This article refutes the “common knowledge” approach. Absent expert guidance, jurors will likely be misled by their commonly held — but incorrect — beliefs and assumptions. Indeed, the Guilbert court’s core reasoning in denying the request for expert testimony — that any concerns about the reliability of eyewitness identifications are eliminated when an eyewitness is “familiar” with the identified person — is a stunning example of a commonly held but incorrect assumption. Scientifically-designed research studies have consistently shown that prior familiarity can adversely affect the reliability of an eyewitness identification in nuanced, complex, and often counterintuitive ways. In short, familiarity does not guarantee reliability.

B. Familiarity and Facial Recognition

The recognition and identification of familiar faces has been the focus of a number of scholarly studies in the fields of psychology and neuroscience.5 As a general matter, the accuracy of facial recognition and identification increases as a function of familiarity: ceteris paribus, people can recognize their own faces better than those of celebrities, the faces of celebrities better than those of acquaintances, and those of acquaintances better than those of strangers.6 Within this general framework, however, empirical findings have painted an unexpectedly intricate and less straightforward picture.
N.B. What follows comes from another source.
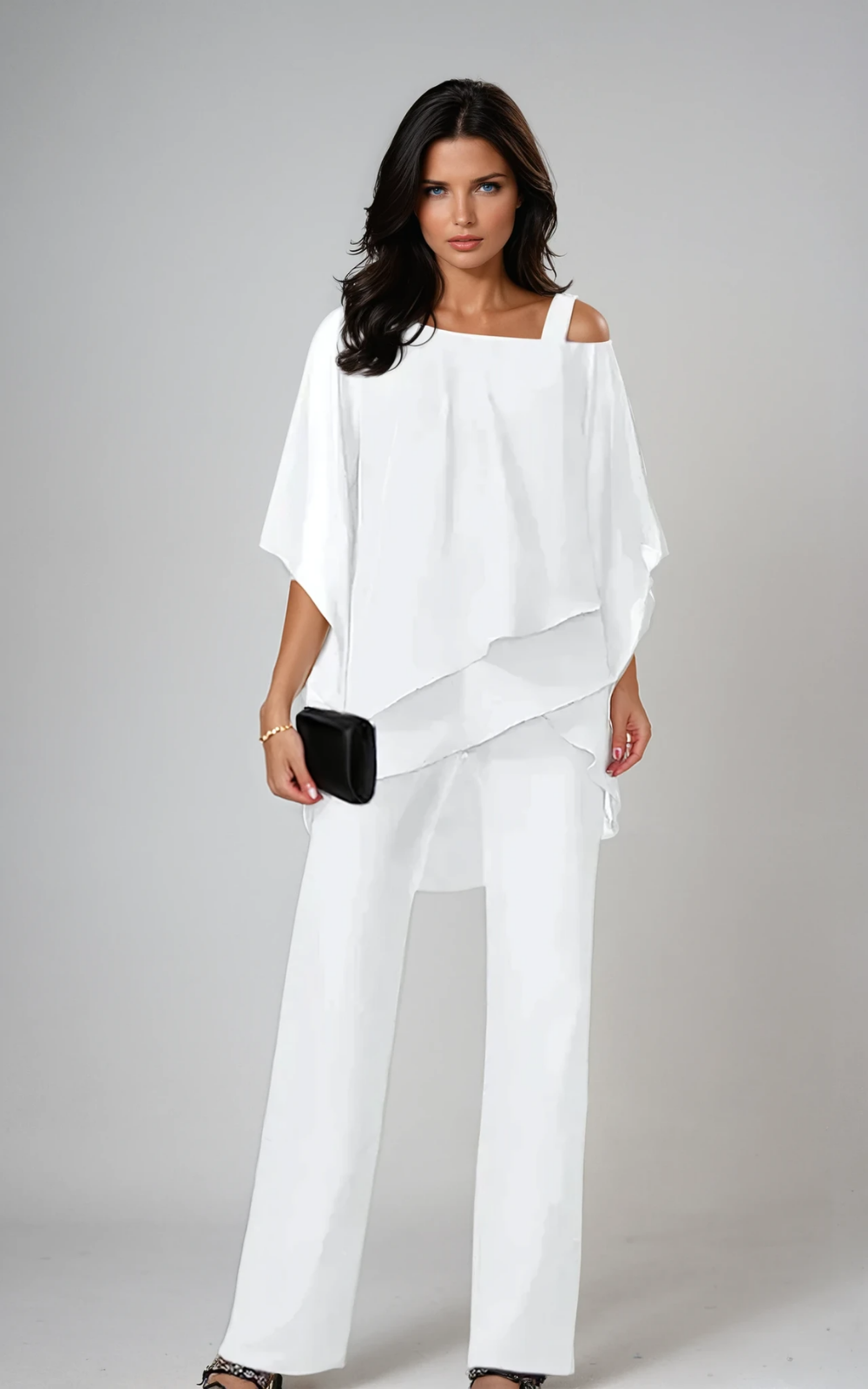 Aria | Women's Chiffon Cold-Shoulder Asymmetric Top & Straight-Leg Pants Set Carol & Margaret Wilmington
Research shows that, counterintuitively, identifications of familiar faces — as with identifications of unfamiliar faces — are influenced by a host of variables, including interaction time, contextual information, expectation, post-event information, and own-race bias. By changing how the brain perceives and processes interactions, these variables simultaneously increase the probability that an individual will identify a given face as familiar and inflate the individual’s confidence in the identification, regardless of whether the face in fact is familiar or the identification accurate.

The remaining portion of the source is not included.